Proteins and Wave Functions: Manuscript in progress: Protein structure validation and refinement using amide proton chemical shifts derived from quantum mechanics

Wednesday, January 2, 2013

Manuscript in progress: Protein structure validation and refinement using amide proton chemical shifts derived from quantum mechanics

+Anders Steen Christensen and I are working on the first draft of this manuscript. Here is the story as I see it now (stay tuned for updates).

The ProCS method
We introduce the QM-based ProCS method for predicting backbone amide proton chemical shifts given a protein structure. It is a generalization and improvement of a method I published earlier.

Reproducing QM chemical shifts
ProCS is parameterized based on B3LYP/6-311++G(d,p)//B3LYP/6-31+G(d) calculations. This level of theory has been shown to yield reliable proton chemical shifts (how reliable for small molecules). ProCS involves several terms from backbone dihedral angles, hydrogen bonding, etc. with an additivity assumption. If everything works perfectly we should be able to reproduce B3LYP/6-311++G(d,p)//B3LYP/6-31+G(d) chemical shifts for a protein structure.

Anders has computed the B3LYP/6-311G(d,p)/PCM chemical shielding tensors for the 1ET1 x-ray structure. (The lack of diffuse functions is taken care of by scaling factor from literature). ProCS can reproduce QM with an RMSD of 0.37 ppm. Remaining deviation must come from non-additivity.

The empirical methods do not agree well with the DFT results. The DFT CSs span a relatively large range while the empirically predicted CSs span a very short range. This indicates that the empirical methods are less sensitive to small differences in hydrogen bond geometry.

Reproducing experimental chemical shifts from X-ray structures
QM reproduces small molecule H1-CSs with RMSD of xx. However, for 1ET1 the RMSD is yy. The main source of the discrepancy are likely inaccuracies in the x-ray structure HB-bond lengths since there is an exponential dependence.

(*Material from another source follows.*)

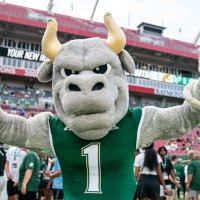 Rocky D. Bull (@rockyd_bull) 's Twitter Profile
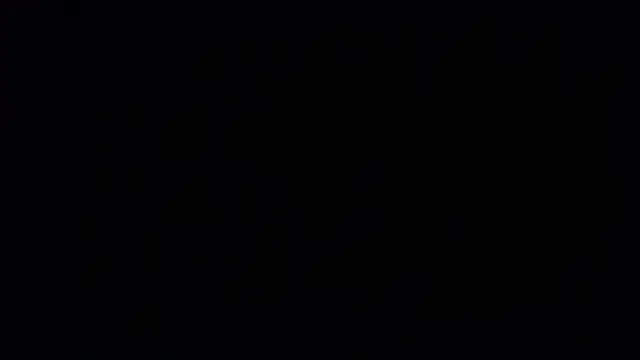 LureLily online show from 6, 10, 2025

The PROCS RMSD (0.63) is similar to the QM RMSD(??), and significantly larger than the RMSD between QM and ProCS, indicating that ProCS sufficiently accurate. Going to 13 other proteins the RMSD for ProCS is double that of 1ET1, because more amide protons not involved in HBs.

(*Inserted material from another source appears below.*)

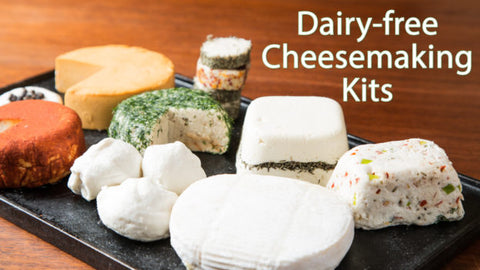 Dairy Free cheeses made with Urban Cheesecraft kits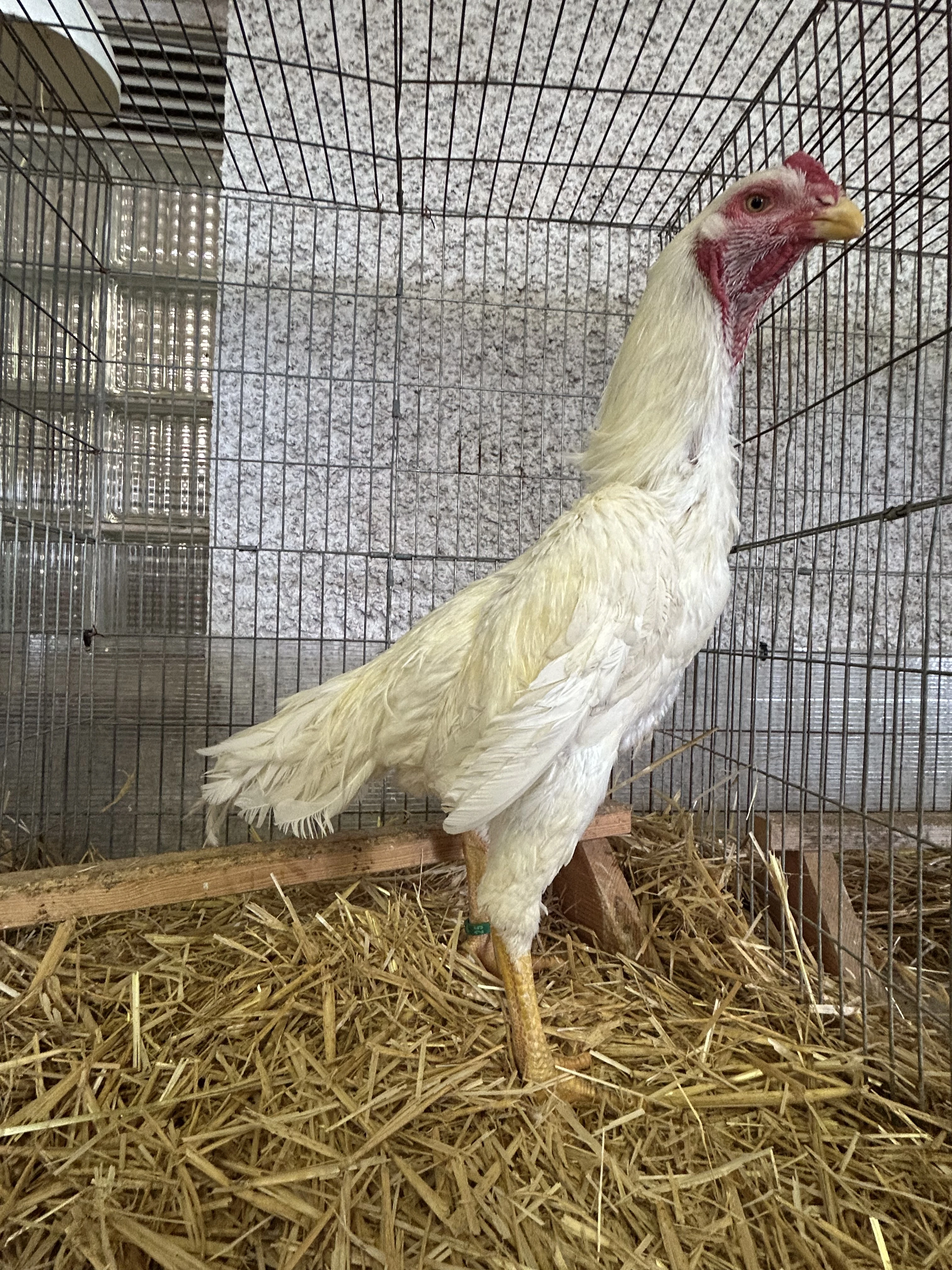 1,2 kmen bojovnice Ko šamo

The RMSDs for the empirical methods are significantly smaller than ProCS. This is also found for 13 other X-ray structures. This is because the empirical methods are parameterized using x-ray structures. In order for these methods to produce low RMSD relative to experiment they need to be insensitive to errors in protein structure.

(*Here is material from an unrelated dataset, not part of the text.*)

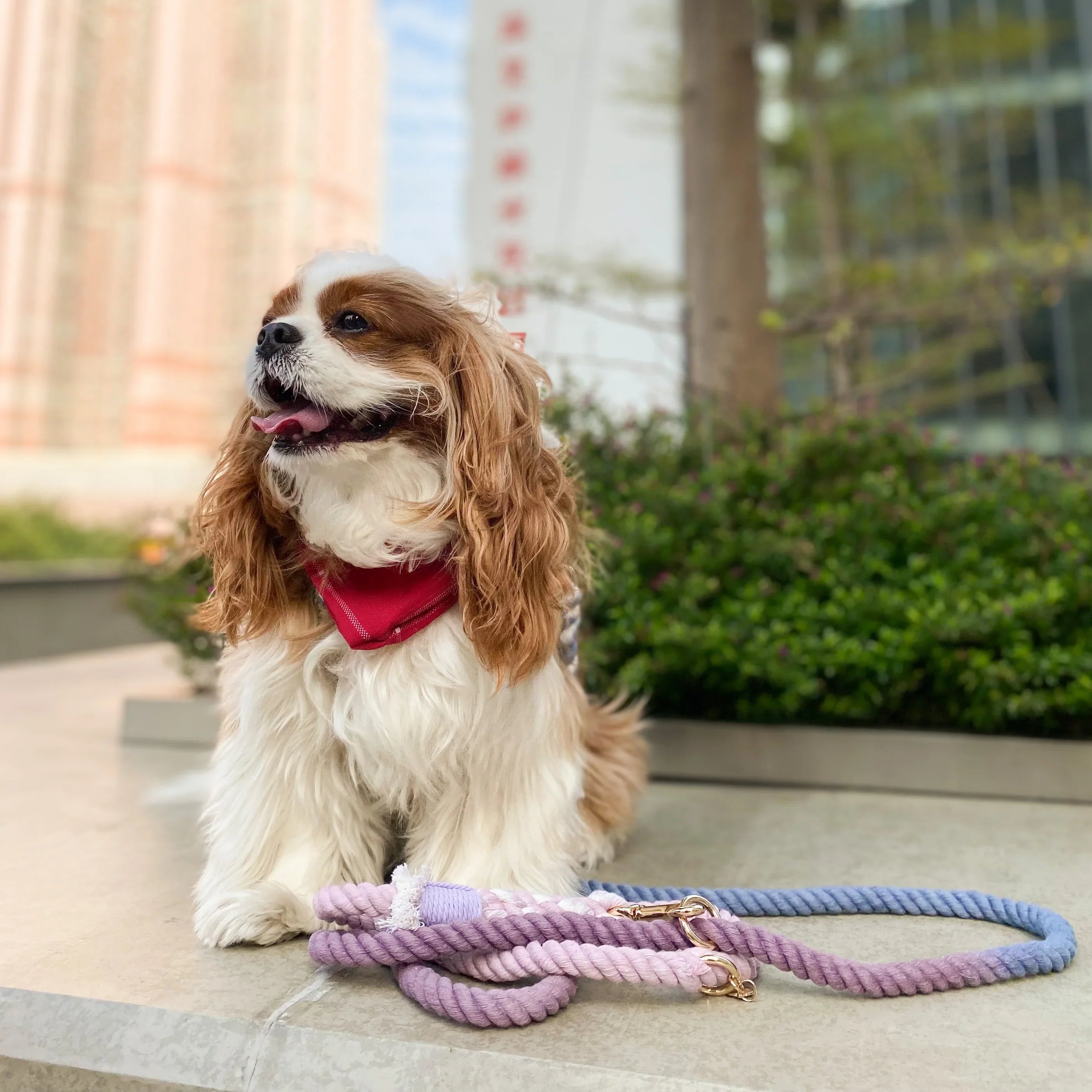 Cotton Rope Leash - Beautiful Violet (5ft, 100% Cotton)-1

Monte-Carlo implementation of protein structure refinement based on chemical shifts
Why MC? No gradients for ProCS. More efficient sampling based on Bayesian inference. Anything else?

Refining protein structures based on chemical shifts

We refine the structure of three proteins each based on three energy function: OPLS alone, OPLS+ProCS and OPLS+Camshift. The MC-refinement of a protein structure results in an ensemble of X (?) protein structures from which average chemical shifts for each amide proton are computed.

These average ProCS chemical shifts are in better agreement with experiment compared to using x-ray. The hydrogen bond geometries in the ensemble are very close to the x-ray structures. These average Camshift chemical shifts are in not in better agreement with experiment compared to using x-ray. The hydrogen bond geometries in the ensemble are longer than in the x-ray structures. This is because OPLS prefers longer bond lengths.

Trans-hydrogen bond coupling constants

Better agreement with x-ray structures does nto necessarily imply better solution-phase structures, so we computed average trans-hydrogen bond coupling constants and compared to experiment. The coupling constants based on the Pro-CS refined ensembles are indeed in better agreement with experimental values indicating the refinement led to improved hydrogen bond geometries

Summary

ProCS is a QM-based backbone amide proton chemical shift predictor that can deliver QM quality CS predictions for a protein structure in less than a second. Agreement with experiment is worse compared to empirically predicted CS, but we show that this is because empirical CS predictors are insensitive to small errors in hydrogen bond geometry in the x-ray structures. This is because they are parameterized using such x-ray structures. The agreement between ProCS CSs and experiment can be improved by refining the protein structure using an energy function that includes a force field term and a CS term. This also results in better predicted trans-hydrogen bond coupling constants indicating that the refined protein structures indeed have improved. A similar refinement using Camshift CS lead to worse protein structure by the same criterion.

Empirical CS-predictors result CSs that agree better with experiment. However, they are relatively insensitive to protein structure and are therefore not suitable for protein structure refinement.